---------- Data block
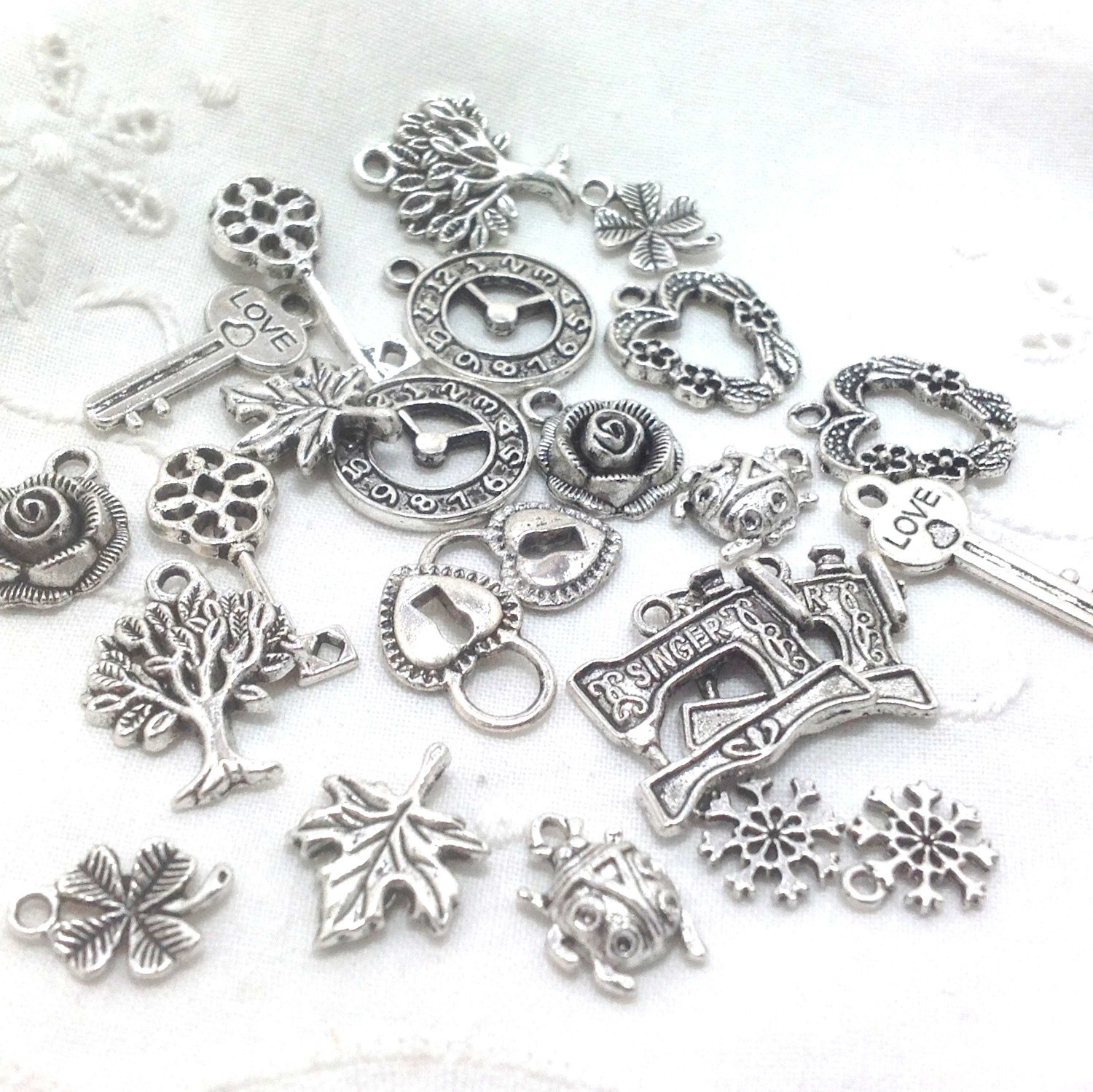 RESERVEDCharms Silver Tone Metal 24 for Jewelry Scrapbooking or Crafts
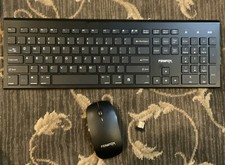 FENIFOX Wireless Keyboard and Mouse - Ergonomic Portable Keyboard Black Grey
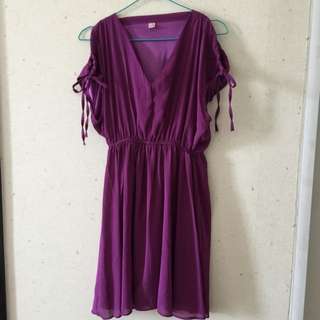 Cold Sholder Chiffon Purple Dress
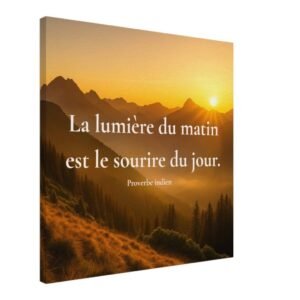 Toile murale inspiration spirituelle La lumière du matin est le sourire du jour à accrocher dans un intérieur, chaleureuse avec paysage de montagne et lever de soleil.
--------------------
> _Task brief_
Working from the line with "FENIFOX Wireless Keyboard" to the last line of the material above, repeat each line exactly and leave out the pictures.

> _Answer for this exercise_
 FENIFOX Wireless Keyboard and Mouse - Ergonomic Portable Keyboard Black Grey
 Cold Sholder Chiffon Purple Dress
 Toile murale inspiration spirituelle La lumière du matin est le sourire du jour à accrocher dans un intérieur, chaleureuse avec paysage de montagne et lever de soleil.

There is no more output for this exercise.